- Born: c. 1820 Swazi Kingdom
- Died: before 1890
- Occupation: Royal servant
- Known for: Namesake of Mbabane
- Children: Maloyi Kunene
- Father: Ngongoma Kunene

= Mbabane Kunene =

Mbabane Kunene was a 19th century Swazi chief who served under King Mbandzeni as the governor of Mbuluzi. He is the namesake of the city of Mbabane, Eswatini.

==Early life and background==
Mbabane Kunene was born around 1820, the son of Ngongoma Kunene, who served as a personal spiritual intermediary for the Eswatini royal family at Ludzidzini during the reign of King Mswati II. His father Ngongoma Kunene was responsible for preparing sacred cleansing waters for Queen Tsandzile Ndwandwe, the mother of King Mswati II. The King later ordered his death when the sacred waters disappeared at the royal house.

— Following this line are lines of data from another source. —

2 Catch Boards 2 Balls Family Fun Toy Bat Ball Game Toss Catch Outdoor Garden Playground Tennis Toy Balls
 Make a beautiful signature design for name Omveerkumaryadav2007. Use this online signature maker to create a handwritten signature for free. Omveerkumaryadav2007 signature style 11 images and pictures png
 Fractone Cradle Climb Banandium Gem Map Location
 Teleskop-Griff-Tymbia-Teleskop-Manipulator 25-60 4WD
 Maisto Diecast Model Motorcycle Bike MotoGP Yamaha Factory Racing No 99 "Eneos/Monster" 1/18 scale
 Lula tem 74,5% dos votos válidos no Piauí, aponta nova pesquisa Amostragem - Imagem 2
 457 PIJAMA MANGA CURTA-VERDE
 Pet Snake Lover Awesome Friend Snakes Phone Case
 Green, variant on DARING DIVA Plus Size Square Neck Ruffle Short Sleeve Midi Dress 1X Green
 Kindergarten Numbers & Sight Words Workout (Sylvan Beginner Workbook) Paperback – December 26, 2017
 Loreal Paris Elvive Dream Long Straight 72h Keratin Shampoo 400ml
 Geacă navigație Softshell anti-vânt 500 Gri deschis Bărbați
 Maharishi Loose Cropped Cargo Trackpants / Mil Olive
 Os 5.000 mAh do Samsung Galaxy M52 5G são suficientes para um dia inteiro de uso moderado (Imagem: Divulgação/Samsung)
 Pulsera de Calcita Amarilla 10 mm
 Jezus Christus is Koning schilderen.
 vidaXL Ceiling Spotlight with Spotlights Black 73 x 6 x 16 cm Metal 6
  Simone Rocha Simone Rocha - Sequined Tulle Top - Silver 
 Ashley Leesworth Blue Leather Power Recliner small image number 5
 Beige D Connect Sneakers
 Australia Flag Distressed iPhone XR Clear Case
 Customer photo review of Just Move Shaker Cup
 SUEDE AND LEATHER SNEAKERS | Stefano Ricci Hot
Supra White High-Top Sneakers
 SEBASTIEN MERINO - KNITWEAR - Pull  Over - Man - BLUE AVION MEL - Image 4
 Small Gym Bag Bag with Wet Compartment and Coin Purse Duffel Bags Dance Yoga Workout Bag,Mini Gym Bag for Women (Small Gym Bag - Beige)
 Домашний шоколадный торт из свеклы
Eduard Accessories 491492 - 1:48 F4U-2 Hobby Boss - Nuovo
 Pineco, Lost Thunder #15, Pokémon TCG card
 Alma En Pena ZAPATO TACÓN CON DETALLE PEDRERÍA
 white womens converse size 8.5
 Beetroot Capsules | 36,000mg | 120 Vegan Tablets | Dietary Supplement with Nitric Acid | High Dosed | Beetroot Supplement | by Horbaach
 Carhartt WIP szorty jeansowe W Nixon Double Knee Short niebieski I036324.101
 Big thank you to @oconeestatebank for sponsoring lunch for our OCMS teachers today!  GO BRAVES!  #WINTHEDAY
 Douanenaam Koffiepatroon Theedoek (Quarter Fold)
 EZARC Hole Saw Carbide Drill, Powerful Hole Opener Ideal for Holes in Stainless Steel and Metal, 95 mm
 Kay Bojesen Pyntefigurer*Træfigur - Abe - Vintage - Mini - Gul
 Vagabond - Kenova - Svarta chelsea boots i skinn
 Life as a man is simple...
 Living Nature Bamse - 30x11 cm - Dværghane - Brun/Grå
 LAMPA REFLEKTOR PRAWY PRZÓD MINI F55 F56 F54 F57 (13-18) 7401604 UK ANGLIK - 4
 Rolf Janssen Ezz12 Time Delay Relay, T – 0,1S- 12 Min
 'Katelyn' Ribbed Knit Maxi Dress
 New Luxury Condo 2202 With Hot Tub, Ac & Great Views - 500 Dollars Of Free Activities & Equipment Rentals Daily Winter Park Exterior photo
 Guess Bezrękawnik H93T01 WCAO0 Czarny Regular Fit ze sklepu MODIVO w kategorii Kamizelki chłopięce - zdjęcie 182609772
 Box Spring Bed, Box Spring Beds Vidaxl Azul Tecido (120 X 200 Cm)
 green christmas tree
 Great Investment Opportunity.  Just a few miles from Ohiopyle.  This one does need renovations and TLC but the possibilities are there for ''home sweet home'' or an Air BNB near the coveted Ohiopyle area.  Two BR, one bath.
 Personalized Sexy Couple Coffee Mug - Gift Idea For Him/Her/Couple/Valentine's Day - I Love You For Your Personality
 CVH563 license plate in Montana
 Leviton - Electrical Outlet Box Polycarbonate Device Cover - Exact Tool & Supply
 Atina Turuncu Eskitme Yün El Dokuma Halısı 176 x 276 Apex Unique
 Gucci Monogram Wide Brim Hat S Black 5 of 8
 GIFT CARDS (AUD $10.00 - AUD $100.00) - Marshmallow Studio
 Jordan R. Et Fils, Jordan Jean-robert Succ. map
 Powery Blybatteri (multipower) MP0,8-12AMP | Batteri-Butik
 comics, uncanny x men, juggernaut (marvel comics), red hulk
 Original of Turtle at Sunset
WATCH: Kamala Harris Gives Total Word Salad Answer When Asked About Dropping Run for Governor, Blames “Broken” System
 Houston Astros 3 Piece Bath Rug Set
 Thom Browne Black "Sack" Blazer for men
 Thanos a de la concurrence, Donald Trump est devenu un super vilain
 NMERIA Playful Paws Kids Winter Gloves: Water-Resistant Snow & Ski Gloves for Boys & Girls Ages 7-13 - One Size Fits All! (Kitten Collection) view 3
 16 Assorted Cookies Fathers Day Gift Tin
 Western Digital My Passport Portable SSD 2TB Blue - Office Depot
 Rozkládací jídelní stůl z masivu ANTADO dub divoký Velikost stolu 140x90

Following his father's death, Mbabane Kunene relocated to the Ezulwini Valley and later appointed governor of Mbuluzi where he was responsible for overseeing the slaughtering of King Mbandzeni's cattle.

==Conflict and exile==
Mbabane Kunene assisted Queen Sisile 'LaMgangeni' Khumalo, the Queen mother of Eswatini, in 1881 when she escaped King Mbandzeni during the night. Mbandzeni regiments captured LaMgangeni in Gobholo, near Mbabane and taken to the royal kraal at Nkanini in Lobamba, where she was killed.

Mbabane Kunene managed to escape during these events and fled to Chrissiesmeer (in present-day Mpumalanga, South Africa).

He later returned to Eswatini but did not immediately rejoin the royal court, as King Mbandzeni no longer trusted him. He died before 1890 and the Mbabane river was named after him. European settlers built a town in the river area and named it Mbabane.

Mbabane's known son was named Maloyi Kunene and died in 1942. Maloyi was raised in Zombodze and herded cattle with the young Sobhuza II.